Life is strange. You live through it everyday, making many of the same choices, doing the same things. I think we often take for granted just what it means to live life to the fullest. At least, I did. I was in for a rather rude awakening when a friend of mine passed away last week. It started off as just another typical day in the life of Colton: going to work at my retail job, a Starbucks iced tea in hand, when I found out that she was gone.
I’d never experienced the pang of losing a friend before. It became impossible for me to recreate the memories we shared because it felt like someone was trying to rip her out of them and replace her with this looming black shadow, coming to swallow me in this pool of spiraling depression. So what did I do? I cried. I cried so much that several customers actually asked if I was okay, and if they needed to fetch my supervisor for me. I should have been embarrassed, but instead, all I could think of was how much I wanted to cry more, just to try to drown the pain.
As the last week has gone on, however, I’ve come to realize that dwelling on what makes me sad will get me absolutely nowhere. I’ve had to tell myself that no one — least of all me — benefits from sitting around, trying to make myself feel even worse about something that I had no power to change. What I’ve come to realize instead is that life is so easy to forget about. We wake up; we go to class; we have our jobs, our families, our hobbies, and we forget about just how special all of these little things are. We forget to take chances and embrace changes that come our way. We lose ourselves in the familiarity. We stick to what we’re used to. But I’ve decided that’s no longer what I want.

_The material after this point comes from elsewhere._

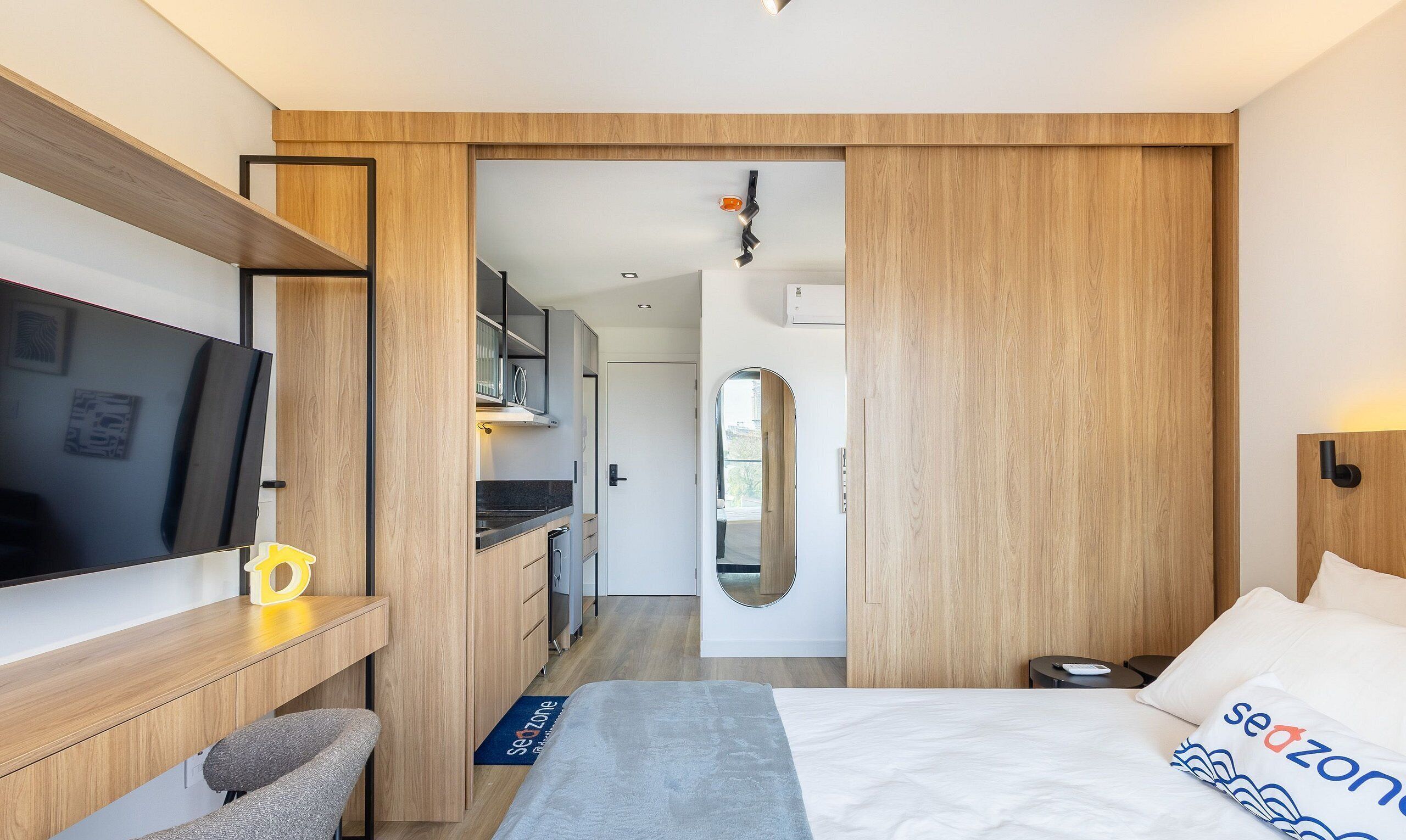 Habitación de hotel moderna con cama, escritorio, televisor y baño visible a través de una puerta abierta.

Everyone always says that there’s always tomorrow. You’ll always have another chance to change the course of your life. But that’s the thing about tomorrow; maybe it doesn’t come in the way that you anticipated, or maybe it doesn’t even come at all. This is why I want to start making every tomorrow — rather, every today — I have count. I don’t want to miss out on anything this precious life has to offer me. And I have my friend to thank for that.